### [EXERCISE DATA]
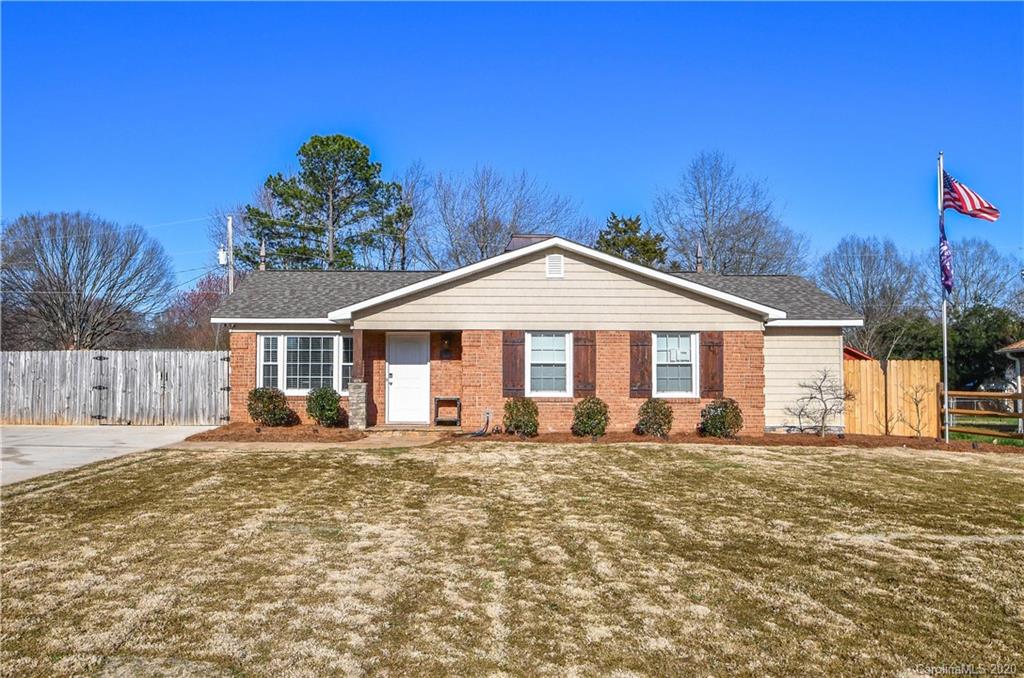 7908 Hemby Wood Drive Indian Trail NC 28079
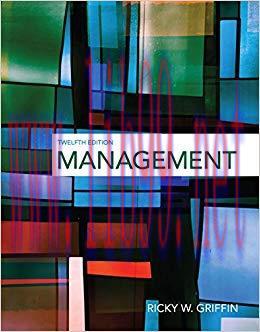 (PDF)Management 12th Edition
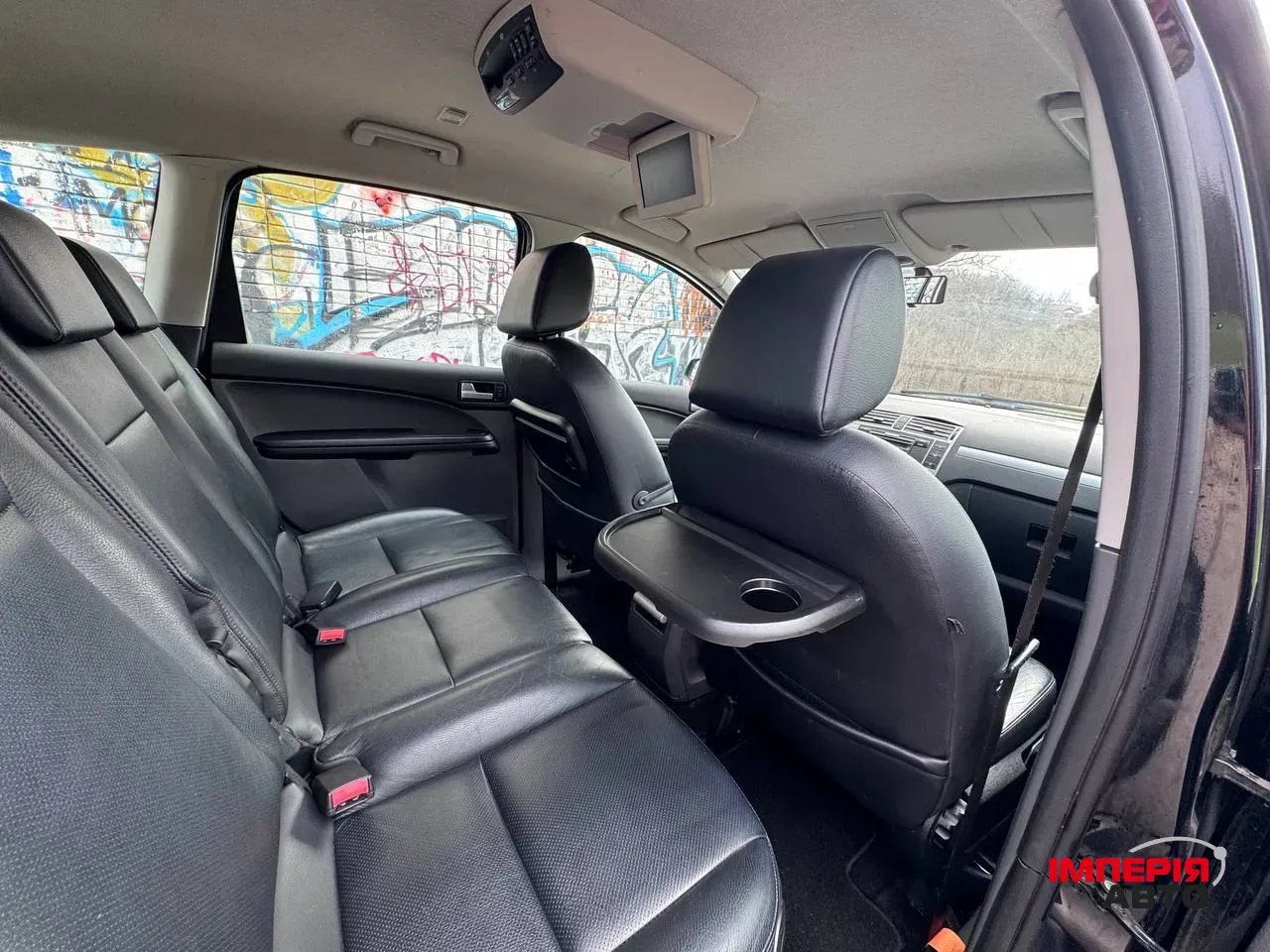 Ford C-MAX - фото 35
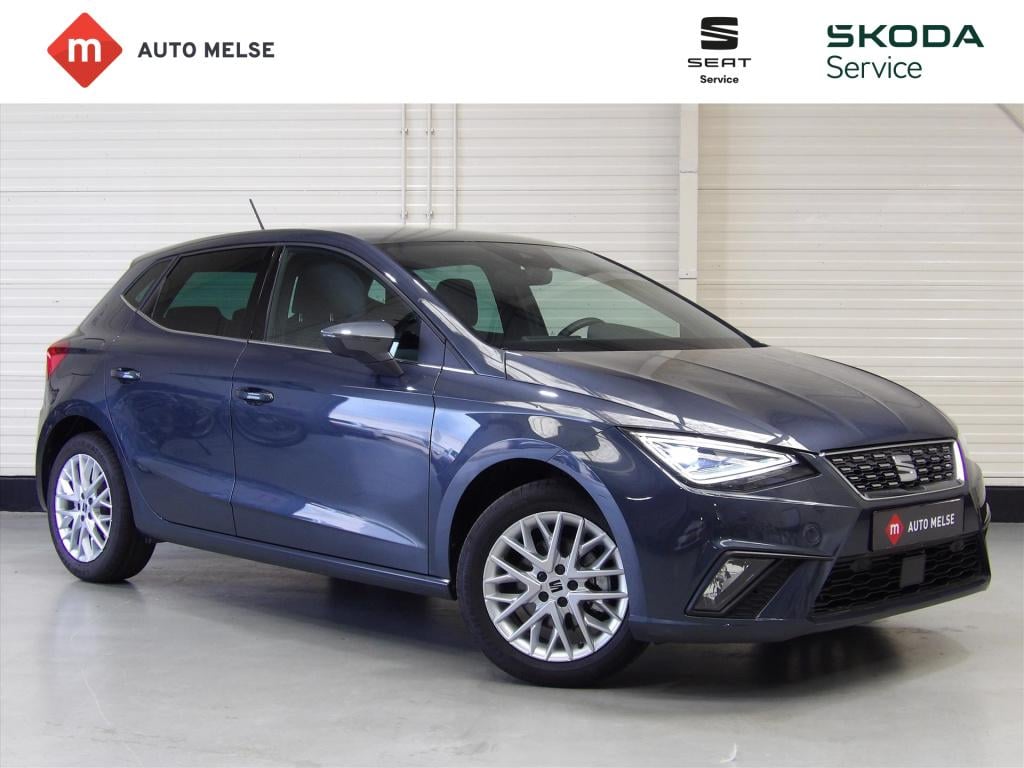 Seat Ibiza 1.0 tsi 115pk xcellence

### [WORK INSTRUCTION]
Give back each line above verbatim, dropping every picture.

### [EXERCISE ANSWER]
 7908 Hemby Wood Drive Indian Trail NC 28079
 (PDF)Management 12th Edition
 Ford C-MAX - фото 35
 Seat Ibiza 1.0 tsi 115pk xcellence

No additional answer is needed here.